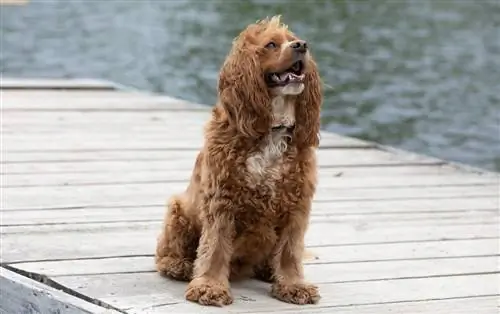 Cockalier (Cocker Spaniel & Cavalier King Charles Mix): Gambar, Maklumat & Fakta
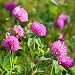 Red Clover Seeds, Nitro-Coated, 1 Pound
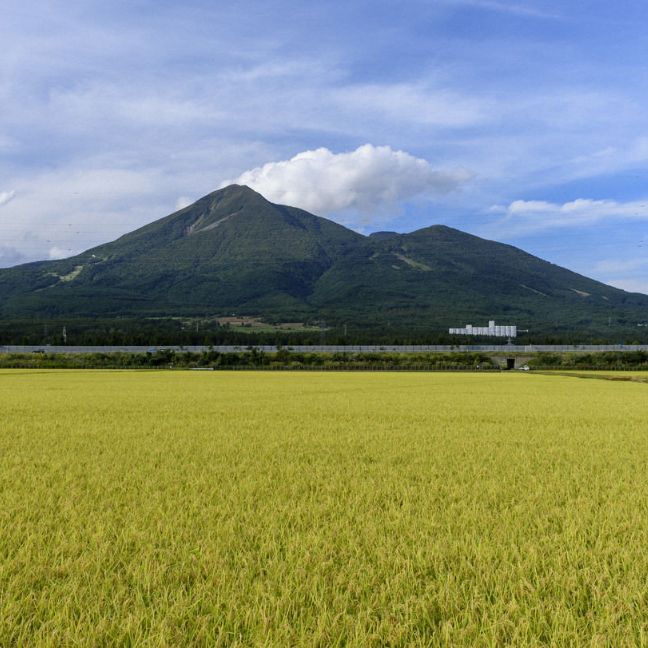 田舎もち 切り餅 400g×12袋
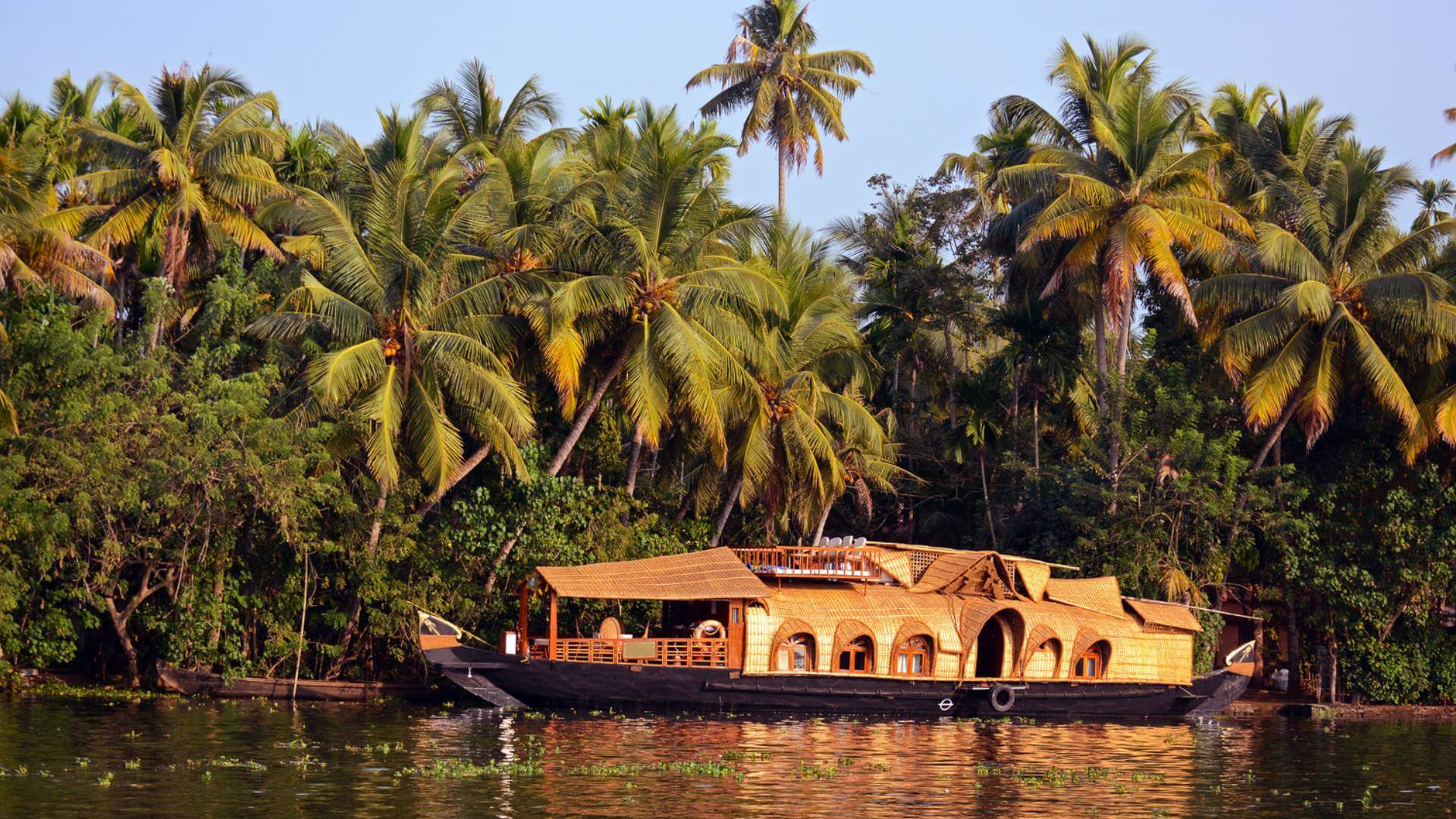 Kerala beaches and backwaters featuring serene houseboats, palm-lined canals, golden shores, and breathtaking natural beauty together.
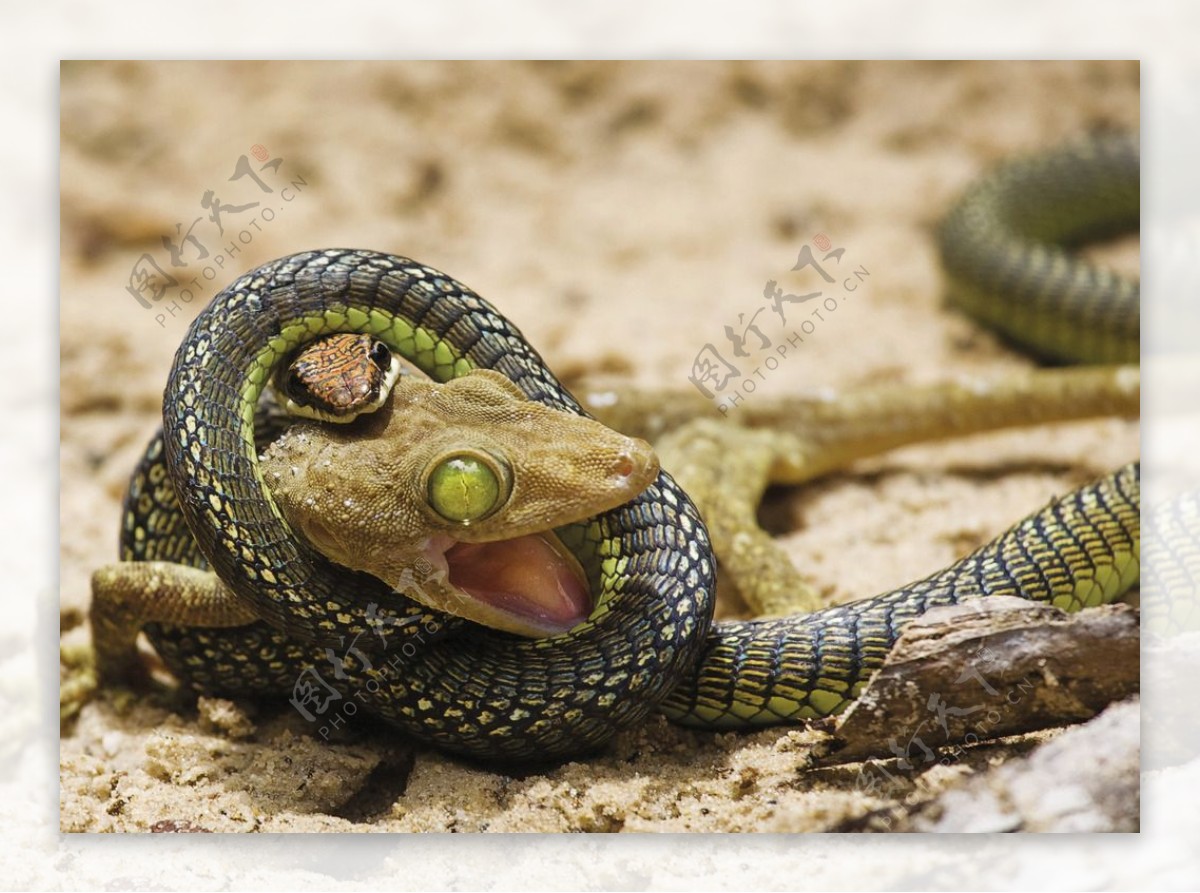 蛇吃青蛙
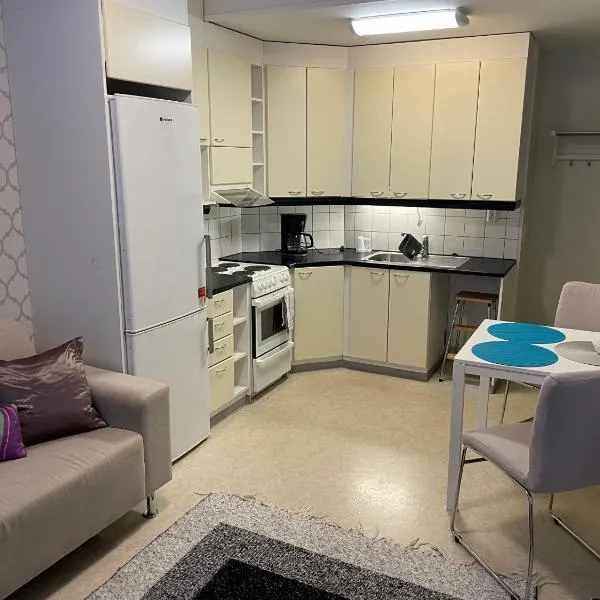 Aarni - SimpleStudio in Tornio，位于托尔尼奥的酒店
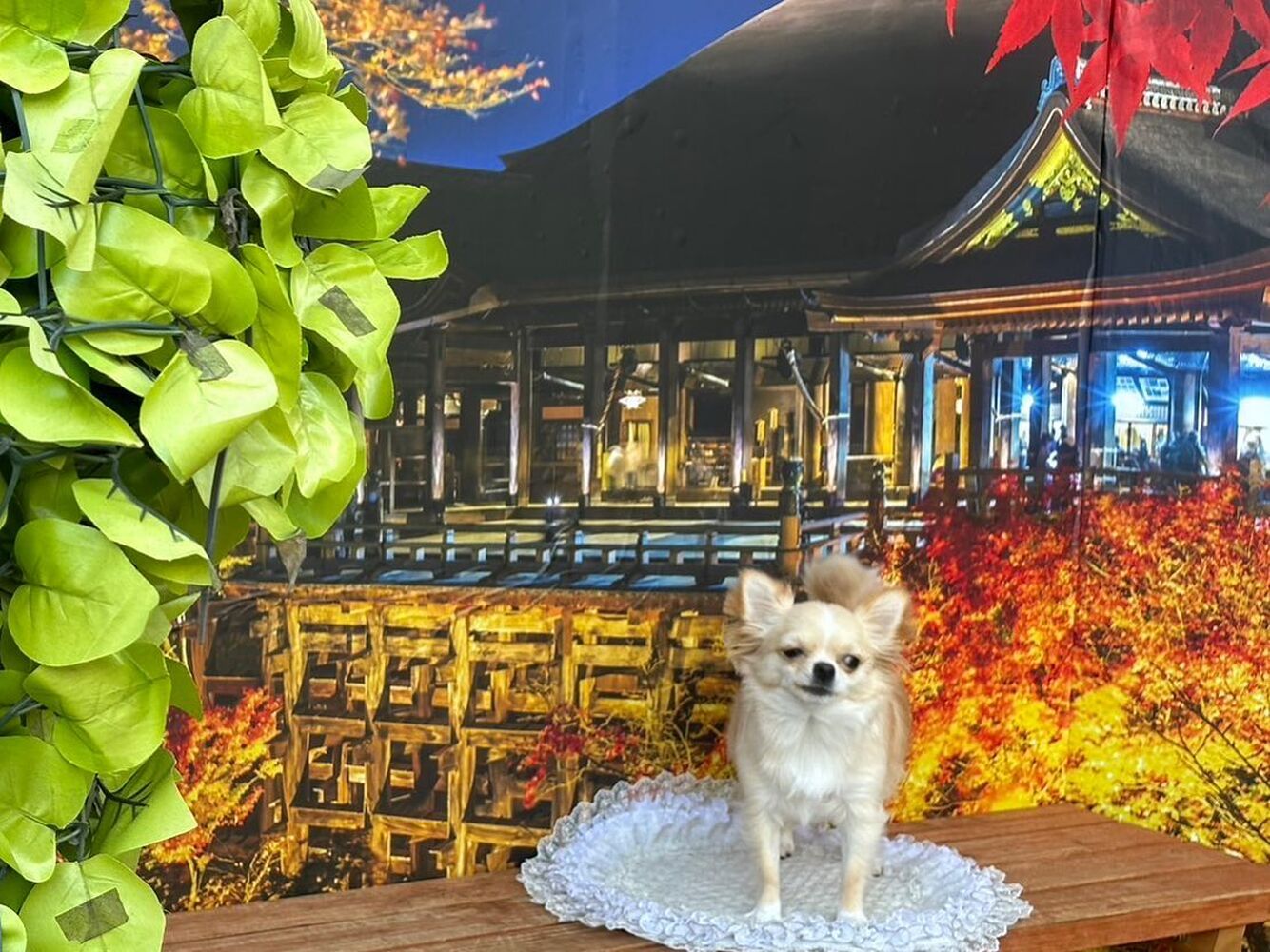 画像27761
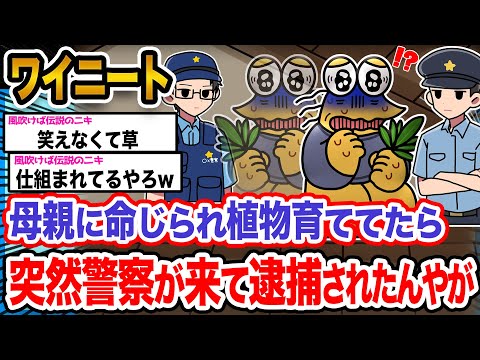 【悲報】ワイ「この葉っぱなんなんや…？」→結果wwwwwwwwwwwww【2ch面白いスレ】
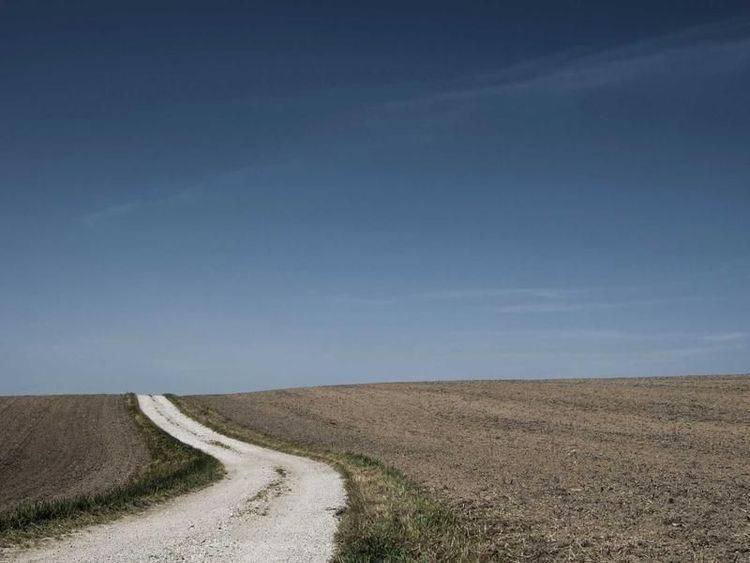 Filmavond met Feline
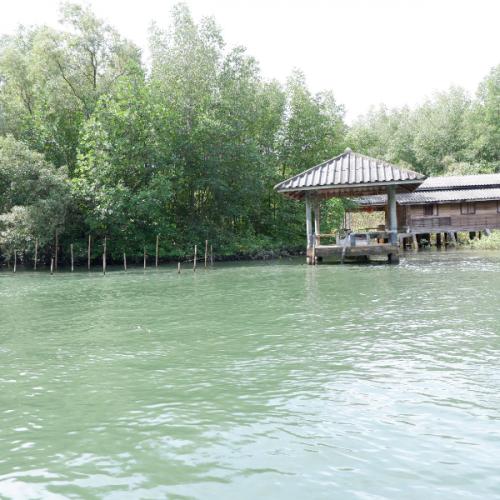 สมาชิกหมายเลข 5114659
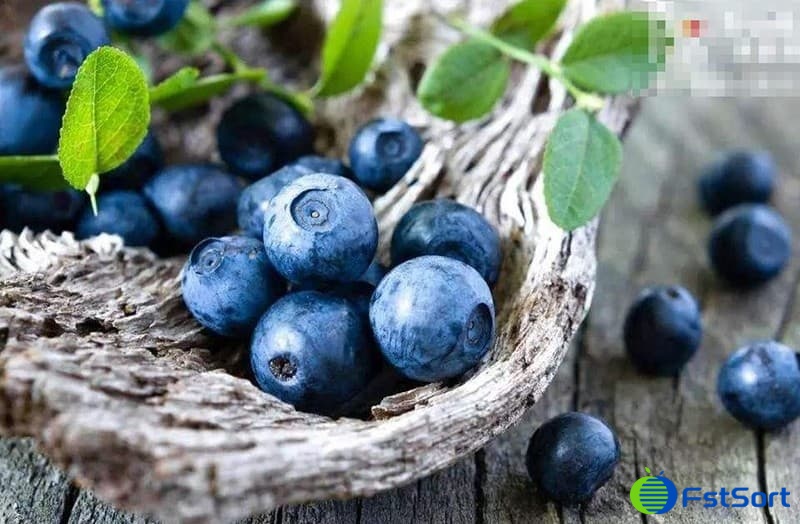 blueberry-fruit blueberry-fruit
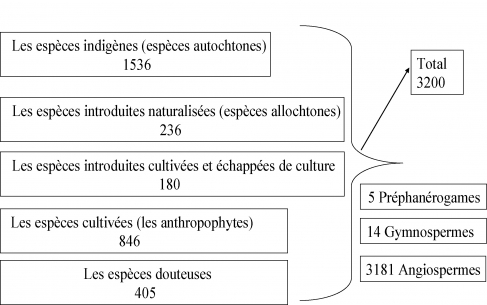 Figure 1. Quelques éléments de la diversité floristique des Petites Antilles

§ WORK TASK
What you should return is the exact text of every line from the top of the entries through the line with "田舎もち 切り餅 400g×12袋", pictures removed.

§ SOLVED PROBLEM
 Cockalier (Cocker Spaniel & Cavalier King Charles Mix): Gambar, Maklumat & Fakta
 Red Clover Seeds, Nitro-Coated, 1 Pound
 田舎もち 切り餅 400g×12袋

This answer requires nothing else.